物語を現実に

この現実世界が、ファンタジーのような感動にあふれた世界になりますように。

後回しにすることの心理的な負担

唐突だが皆さんは小さいの頃、夏休みの宿題は先にやる人だっただろうか。もしくは最終日まで全然やらない人だっただろうか。

私は最後の三日でどうにかこうにか片付ける人だった。ぎりぎりまでやらずに最後にひーひーいいながら宿題をしていたことはおぼろげに記憶に残っている。

昔のことなのでまあいいのだが、いざ社会人になって仕事が始まってみると、このやり方はあまりうまくないのだな、と実感することが多い。それはどういうことか。

 人は目の前のタスクが少ないうちは正常に処理できるのだが、あまりにたくさんのタスクが降り注ぐと、脳が処理落ちして一つのタスクすらまともにこなせなくなる。皆さんも経験はあるのではないだろうか。いきなり同じ日に数学の公式、英語の文法、漢文の語法をたくさん教えられたところで、何一つとして頭に入らないのだ。順々に、処理速度のキャパシティが許す程度の量ずつ勉強していく必要がある。もちろんキャパシティには個人差があるのでできるひとはマルチにいろんなものを一気にこなせるのだが。

 で、後回しにすると何が良くないか。それはつまり、自分でタスクを積み上げてしまい、脳が処理落ちする可能性を高めてしまうことだ。

 後回しにするときの考え方で一番多いのは、「やらなくちゃいけないのはわかってるけどめんどくさいし後にしよ~」という発想だ。

 もちろんめんどくさいだけでなく、体が疲れて悲鳴を上げているかもしれないし、時間的余裕がないから後回しにしていることもあるだろう。目の前の一つのタスクにかかりきりで、後回しにせざるを得ない時もあるかもしれない。

 しかし後回しにすることで、片付けてしまえば考えなくてよかったそのタスクのことが、いつまでも頭に引っかかることになる。「そういえばあれ、どっかでやらないとなぁ~」と頭の片隅によぎり続けるのだ。

 私自身昔はこれを大してストレスに感じていなかったのだが、最近タスクを先にこなすようになってきてわかるようになった。この後回しにしたタスクが、大事な脳の処理速度の一部を占め続け、そして意外とこれが脳にストレスをかけているということが。
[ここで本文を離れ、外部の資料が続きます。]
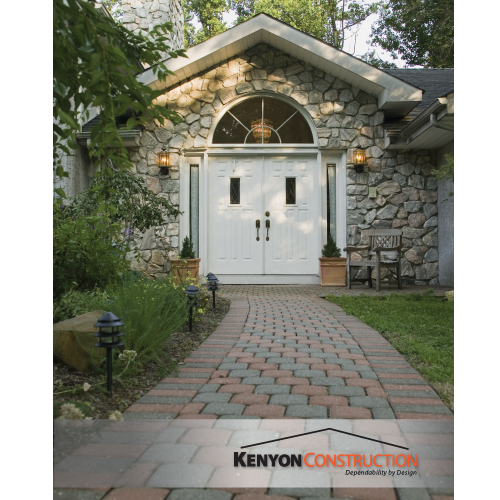 Kenyon Construction marketing identity book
 仕事上どうしても後回しにしなくてはいけないときもあるが、その時は絶えず思考の一部が占め続けられているような感覚に陥っていた。よく考えてみると、小学生の時の夏休みもそうだった。遊ぶのはそれはそれでエンジョイしつつ、頭のどこかで「やらなくてはいけない宿題」が頭の中を占めていた。
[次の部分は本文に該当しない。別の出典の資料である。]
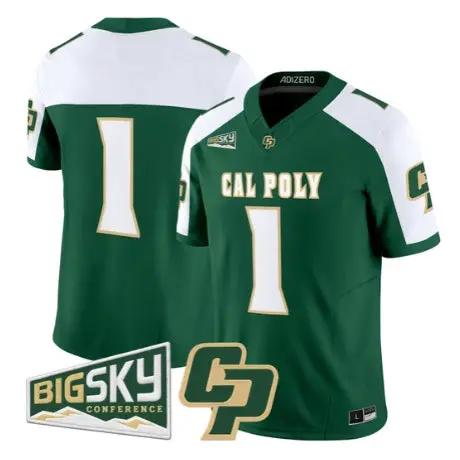 Team Jersey #1 Cal Poly Mustangs 2026 Limited All Stitched - Top Wow Design Team Jersey #1 Cal Poly Mustangs 2026 Limited All Stitched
小さい頃は大してストレスではなかったが、大人になった今これは相当なストレスになっている(というより、先にタスクを片付けるようになってからストレスがかかっていたことに気づいた)。

 もちろん、それがわかっているからといって、めんどくさい気持ちがなくなるわけではないし、後回しにしたい気持ちが消えることはないだろう。なぜか人間はそういう生き物なのだ(脳科学的にどうしてかは気になるが、変化を好まない習性によるものだろうか?)。

 ただ、後回しにすることで、自分に心と思考に相当なストレスを知らず知らずかけていることは、きちんと認識していたほうがいいように思う。